-- THE TASK --
Each line of the entries that mentions the string "Edition" needs to be reported.
── ENTRIES SHOWN ──
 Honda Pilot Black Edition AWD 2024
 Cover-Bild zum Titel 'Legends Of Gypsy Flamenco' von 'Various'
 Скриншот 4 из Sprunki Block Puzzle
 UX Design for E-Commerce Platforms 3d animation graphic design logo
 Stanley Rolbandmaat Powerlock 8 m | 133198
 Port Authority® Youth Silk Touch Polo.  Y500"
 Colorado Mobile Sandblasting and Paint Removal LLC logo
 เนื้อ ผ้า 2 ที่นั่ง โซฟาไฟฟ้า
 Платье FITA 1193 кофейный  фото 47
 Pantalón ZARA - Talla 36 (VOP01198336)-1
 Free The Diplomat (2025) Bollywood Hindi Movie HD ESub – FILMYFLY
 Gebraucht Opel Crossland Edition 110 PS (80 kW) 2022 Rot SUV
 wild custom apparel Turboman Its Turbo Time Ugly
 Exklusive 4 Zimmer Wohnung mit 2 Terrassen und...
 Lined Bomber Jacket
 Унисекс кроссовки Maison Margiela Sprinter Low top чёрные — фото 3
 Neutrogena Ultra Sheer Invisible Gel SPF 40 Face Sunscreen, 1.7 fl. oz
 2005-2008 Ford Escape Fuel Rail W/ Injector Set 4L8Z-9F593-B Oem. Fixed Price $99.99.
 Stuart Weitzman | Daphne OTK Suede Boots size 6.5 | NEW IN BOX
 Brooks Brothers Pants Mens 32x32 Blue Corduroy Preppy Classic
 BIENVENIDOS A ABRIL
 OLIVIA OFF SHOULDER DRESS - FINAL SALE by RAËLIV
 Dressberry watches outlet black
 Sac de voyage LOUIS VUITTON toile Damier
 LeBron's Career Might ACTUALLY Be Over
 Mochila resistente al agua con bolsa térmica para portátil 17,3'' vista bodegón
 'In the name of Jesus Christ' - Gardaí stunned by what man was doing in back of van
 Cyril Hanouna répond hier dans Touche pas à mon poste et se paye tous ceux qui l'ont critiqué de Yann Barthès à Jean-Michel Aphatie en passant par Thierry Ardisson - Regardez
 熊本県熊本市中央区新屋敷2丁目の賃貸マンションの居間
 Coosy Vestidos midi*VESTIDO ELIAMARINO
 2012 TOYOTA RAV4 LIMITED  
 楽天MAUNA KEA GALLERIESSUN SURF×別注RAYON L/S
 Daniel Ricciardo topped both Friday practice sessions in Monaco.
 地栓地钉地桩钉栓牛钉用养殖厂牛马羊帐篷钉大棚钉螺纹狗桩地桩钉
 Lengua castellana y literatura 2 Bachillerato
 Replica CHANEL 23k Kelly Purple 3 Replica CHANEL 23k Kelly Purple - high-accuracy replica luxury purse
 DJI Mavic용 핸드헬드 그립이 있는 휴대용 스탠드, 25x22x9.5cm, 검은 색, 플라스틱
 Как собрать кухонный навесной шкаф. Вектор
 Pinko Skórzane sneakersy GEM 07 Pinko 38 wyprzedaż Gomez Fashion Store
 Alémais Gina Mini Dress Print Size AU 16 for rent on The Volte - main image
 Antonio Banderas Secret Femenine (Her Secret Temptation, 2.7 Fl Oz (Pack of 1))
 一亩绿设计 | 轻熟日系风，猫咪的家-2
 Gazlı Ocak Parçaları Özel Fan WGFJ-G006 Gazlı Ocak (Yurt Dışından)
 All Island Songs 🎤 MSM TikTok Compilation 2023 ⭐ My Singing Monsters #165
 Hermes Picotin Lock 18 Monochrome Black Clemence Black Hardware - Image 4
───
-- EXERCISE SOLUTION --
 Honda Pilot Black Edition AWD 2024
 Gebraucht Opel Crossland Edition 110 PS (80 kW) 2022 Rot SUV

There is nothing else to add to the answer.